**Description of the task**
Where the listing below has a line with "待售: $23,000 (0.23 acres)", write out exactly that line and every line after it, stopping after the line with "Living Room Re-imagined".

**Supplied material**
——
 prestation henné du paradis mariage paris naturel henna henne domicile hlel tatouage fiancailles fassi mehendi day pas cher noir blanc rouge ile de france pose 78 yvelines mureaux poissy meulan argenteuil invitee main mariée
——
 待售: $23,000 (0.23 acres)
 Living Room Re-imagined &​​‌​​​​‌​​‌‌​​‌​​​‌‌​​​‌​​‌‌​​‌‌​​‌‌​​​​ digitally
——
**Solution for this problem**
 待售: $23,000 (0.23 acres)
 Living Room Re-imagined &​​‌​​​​‌​​‌‌​​‌​​​‌‌​​​‌​​‌‌​​‌‌​​‌‌​​​​ digitally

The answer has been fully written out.